Monument to heroes of the First World War (Памятник героям Первой мировой войны) is one of the monuments in the city of Azov, Rostov Oblast, Russia. It is dedicated to the soldiers and officers of the Russian Imperial Army who fought in the First World War. It was erected in 2014 and is situated at Petrovsky Boulevard.

== History ==
About 125,000 Don Cossacks, who formed sixty cavalry regiments, thirty-three horse batteries, six infantry battalions, five reserve regiments, three reserve batteries and more than eighty separate special hundreds took part in the battles of the First World War. They participated in almost every major operation at the Russian front.

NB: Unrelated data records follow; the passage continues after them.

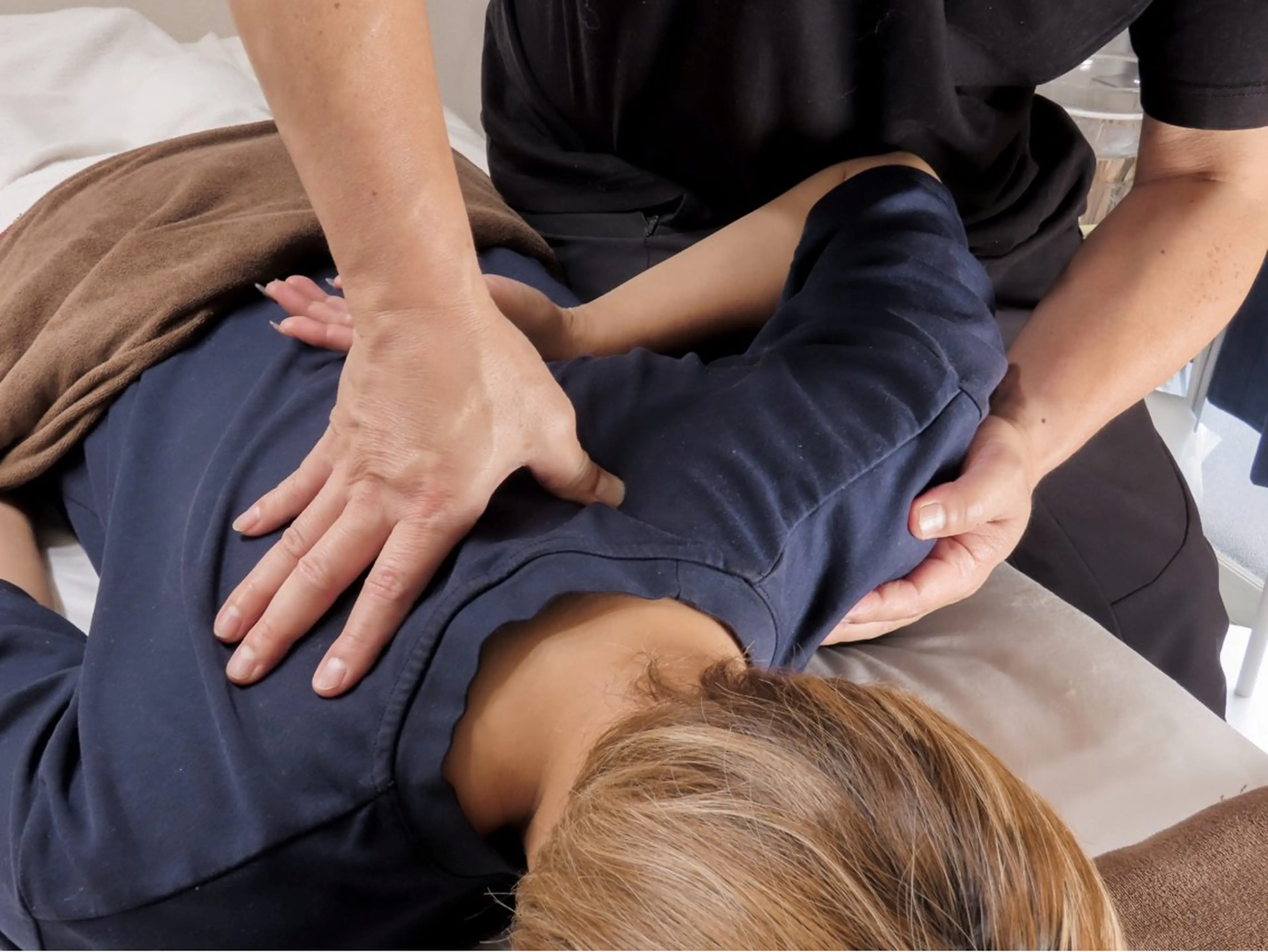 美容サロン パルムのエステ・リラクイメージ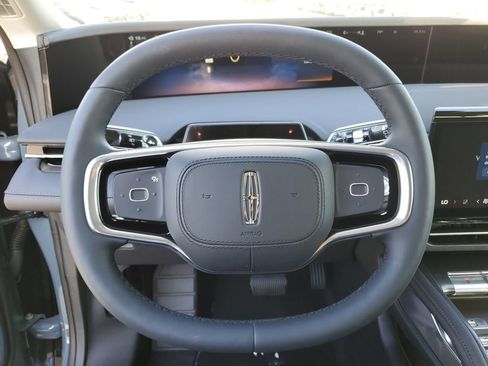 New 2026 Lincoln Nautilus Premier w/ Equipment Group 102A AWD/4WD image 23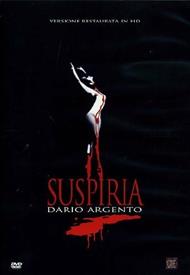 Suspiria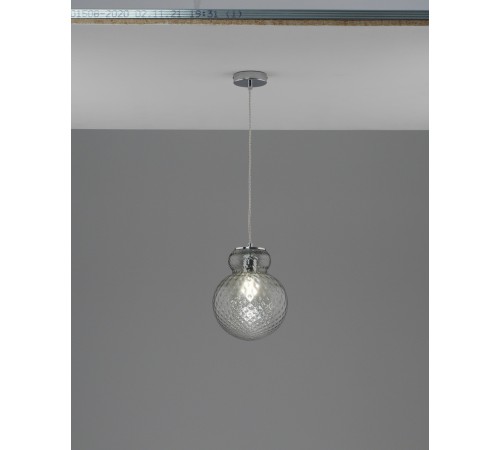 Подвесной светильник Moderli V11168-1P Lorel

The upcoming anniversary of the beginning of the war has aroused public interest in Russia to commemorate the memory of its heroes. Work on the monument in Azov began in 2012. The sculpture was cast in February 2014.

The monument itself is a figure of a standing Cossack and Saint George Cross, the symbol of military merits, behind him. In his right hand the Cossack holds a sword, and in the left one - a scabbard from a saber. The sad pose of the Cossack corresponds to the out of the First World War for Russia. The monument is set on a granite pedestal. It was designed by sculptor A. M. Dementiev.

The height of the sculpture of the Cossack is two meters. The three-meter St. George cross is made of bronze and brass. Granite for the pedestal was brought from Karelia and Ukraine. The monument was erected at the donation of Azov dwellers.

The solemn opening of the monument took place on 30 July 2014.